* YOUR TASK *
Nothing in the entries below may be altered; print them as they stand.

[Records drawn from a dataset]
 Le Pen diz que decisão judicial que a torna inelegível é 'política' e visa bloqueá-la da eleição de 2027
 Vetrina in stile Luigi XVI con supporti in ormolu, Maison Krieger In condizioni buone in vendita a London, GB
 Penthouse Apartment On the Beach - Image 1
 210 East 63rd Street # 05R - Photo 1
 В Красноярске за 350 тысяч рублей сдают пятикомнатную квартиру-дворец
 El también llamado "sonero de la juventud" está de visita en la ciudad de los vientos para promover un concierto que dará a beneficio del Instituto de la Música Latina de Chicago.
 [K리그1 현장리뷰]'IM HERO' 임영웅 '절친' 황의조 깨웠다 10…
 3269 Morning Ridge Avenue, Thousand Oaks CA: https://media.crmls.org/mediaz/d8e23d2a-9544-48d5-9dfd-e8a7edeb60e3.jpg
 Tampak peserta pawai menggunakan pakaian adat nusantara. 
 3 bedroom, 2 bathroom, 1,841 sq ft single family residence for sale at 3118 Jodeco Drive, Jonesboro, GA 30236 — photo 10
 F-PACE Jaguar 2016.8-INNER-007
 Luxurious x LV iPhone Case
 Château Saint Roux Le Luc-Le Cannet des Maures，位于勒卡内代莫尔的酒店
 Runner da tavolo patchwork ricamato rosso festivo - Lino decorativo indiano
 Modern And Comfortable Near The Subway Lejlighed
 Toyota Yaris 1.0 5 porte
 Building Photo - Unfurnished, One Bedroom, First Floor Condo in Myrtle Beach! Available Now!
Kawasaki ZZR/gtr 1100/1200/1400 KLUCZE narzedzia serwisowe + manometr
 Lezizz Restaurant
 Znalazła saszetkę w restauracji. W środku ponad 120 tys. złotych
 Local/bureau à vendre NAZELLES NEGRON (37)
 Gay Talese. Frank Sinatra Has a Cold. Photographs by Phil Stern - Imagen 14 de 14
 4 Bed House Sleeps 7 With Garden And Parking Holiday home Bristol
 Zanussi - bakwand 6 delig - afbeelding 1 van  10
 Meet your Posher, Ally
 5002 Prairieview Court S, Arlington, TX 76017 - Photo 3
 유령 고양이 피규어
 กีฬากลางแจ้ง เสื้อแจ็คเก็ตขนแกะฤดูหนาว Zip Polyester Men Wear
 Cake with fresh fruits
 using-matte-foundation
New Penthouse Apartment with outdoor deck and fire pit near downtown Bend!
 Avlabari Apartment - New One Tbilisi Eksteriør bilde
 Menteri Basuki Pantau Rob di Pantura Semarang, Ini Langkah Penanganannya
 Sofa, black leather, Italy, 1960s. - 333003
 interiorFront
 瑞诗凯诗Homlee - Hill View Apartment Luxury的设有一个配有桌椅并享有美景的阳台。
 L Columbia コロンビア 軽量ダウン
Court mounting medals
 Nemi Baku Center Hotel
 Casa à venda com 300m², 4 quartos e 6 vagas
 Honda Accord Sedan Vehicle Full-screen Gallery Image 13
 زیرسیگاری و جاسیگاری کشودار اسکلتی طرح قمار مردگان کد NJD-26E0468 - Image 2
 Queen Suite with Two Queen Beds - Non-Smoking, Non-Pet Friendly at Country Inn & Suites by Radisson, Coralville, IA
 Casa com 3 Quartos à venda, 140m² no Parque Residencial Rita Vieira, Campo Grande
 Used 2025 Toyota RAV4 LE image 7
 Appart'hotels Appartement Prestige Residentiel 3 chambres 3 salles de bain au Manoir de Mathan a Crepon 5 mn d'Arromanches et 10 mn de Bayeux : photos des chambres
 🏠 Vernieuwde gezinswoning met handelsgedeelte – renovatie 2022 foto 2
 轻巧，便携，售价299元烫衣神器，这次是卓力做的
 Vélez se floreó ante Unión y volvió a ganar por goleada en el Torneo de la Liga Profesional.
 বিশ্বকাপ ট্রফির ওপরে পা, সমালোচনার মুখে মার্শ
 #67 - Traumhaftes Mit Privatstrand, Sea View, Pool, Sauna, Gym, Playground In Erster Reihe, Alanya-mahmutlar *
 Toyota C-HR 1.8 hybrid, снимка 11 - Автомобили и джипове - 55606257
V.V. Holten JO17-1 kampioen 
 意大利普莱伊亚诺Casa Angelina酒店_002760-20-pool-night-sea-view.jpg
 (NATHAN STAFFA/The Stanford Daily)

* COMPLETED EXERCISE *
 Le Pen diz que decisão judicial que a torna inelegível é 'política' e visa bloqueá-la da eleição de 2027
 Vetrina in stile Luigi XVI con supporti in ormolu, Maison Krieger In condizioni buone in vendita a London, GB
 Penthouse Apartment On the Beach - Image 1
 210 East 63rd Street # 05R - Photo 1
 В Красноярске за 350 тысяч рублей сдают пятикомнатную квартиру-дворец
 El también llamado "sonero de la juventud" está de visita en la ciudad de los vientos para promover un concierto que dará a beneficio del Instituto de la Música Latina de Chicago.
 [K리그1 현장리뷰]'IM HERO' 임영웅 '절친' 황의조 깨웠다 10…
 3269 Morning Ridge Avenue, Thousand Oaks CA: https://media.crmls.org/mediaz/d8e23d2a-9544-48d5-9dfd-e8a7edeb60e3.jpg
 Tampak peserta pawai menggunakan pakaian adat nusantara. 
 3 bedroom, 2 bathroom, 1,841 sq ft single family residence for sale at 3118 Jodeco Drive, Jonesboro, GA 30236 — photo 10
 F-PACE Jaguar 2016.8-INNER-007
 Luxurious x LV iPhone Case
 Château Saint Roux Le Luc-Le Cannet des Maures，位于勒卡内代莫尔的酒店
 Runner da tavolo patchwork ricamato rosso festivo - Lino decorativo indiano
 Modern And Comfortable Near The Subway Lejlighed
 Toyota Yaris 1.0 5 porte
 Building Photo - Unfurnished, One Bedroom, First Floor Condo in Myrtle Beach! Available Now!
Kawasaki ZZR/gtr 1100/1200/1400 KLUCZE narzedzia serwisowe + manometr
 Lezizz Restaurant
 Znalazła saszetkę w restauracji. W środku ponad 120 tys. złotych
 Local/bureau à vendre NAZELLES NEGRON (37)
 Gay Talese. Frank Sinatra Has a Cold. Photographs by Phil Stern - Imagen 14 de 14
 4 Bed House Sleeps 7 With Garden And Parking Holiday home Bristol
 Zanussi - bakwand 6 delig - afbeelding 1 van  10
 Meet your Posher, Ally
 5002 Prairieview Court S, Arlington, TX 76017 - Photo 3
 유령 고양이 피규어
 กีฬากลางแจ้ง เสื้อแจ็คเก็ตขนแกะฤดูหนาว Zip Polyester Men Wear
 Cake with fresh fruits
 using-matte-foundation
New Penthouse Apartment with outdoor deck and fire pit near downtown Bend!
 Avlabari Apartment - New One Tbilisi Eksteriør bilde
 Menteri Basuki Pantau Rob di Pantura Semarang, Ini Langkah Penanganannya
 Sofa, black leather, Italy, 1960s. - 333003
 interiorFront
 瑞诗凯诗Homlee - Hill View Apartment Luxury的设有一个配有桌椅并享有美景的阳台。
 L Columbia コロンビア 軽量ダウン
Court mounting medals
 Nemi Baku Center Hotel
 Casa à venda com 300m², 4 quartos e 6 vagas
 Honda Accord Sedan Vehicle Full-screen Gallery Image 13
 زیرسیگاری و جاسیگاری کشودار اسکلتی طرح قمار مردگان کد NJD-26E0468 - Image 2
 Queen Suite with Two Queen Beds - Non-Smoking, Non-Pet Friendly at Country Inn & Suites by Radisson, Coralville, IA
 Casa com 3 Quartos à venda, 140m² no Parque Residencial Rita Vieira, Campo Grande
 Used 2025 Toyota RAV4 LE image 7
 Appart'hotels Appartement Prestige Residentiel 3 chambres 3 salles de bain au Manoir de Mathan a Crepon 5 mn d'Arromanches et 10 mn de Bayeux : photos des chambres
 🏠 Vernieuwde gezinswoning met handelsgedeelte – renovatie 2022 foto 2
 轻巧，便携，售价299元烫衣神器，这次是卓力做的
 Vélez se floreó ante Unión y volvió a ganar por goleada en el Torneo de la Liga Profesional.
 বিশ্বকাপ ট্রফির ওপরে পা, সমালোচনার মুখে মার্শ
 #67 - Traumhaftes Mit Privatstrand, Sea View, Pool, Sauna, Gym, Playground In Erster Reihe, Alanya-mahmutlar *
 Toyota C-HR 1.8 hybrid, снимка 11 - Автомобили и джипове - 55606257
V.V. Holten JO17-1 kampioen 
 意大利普莱伊亚诺Casa Angelina酒店_002760-20-pool-night-sea-view.jpg
 (NATHAN STAFFA/The Stanford Daily)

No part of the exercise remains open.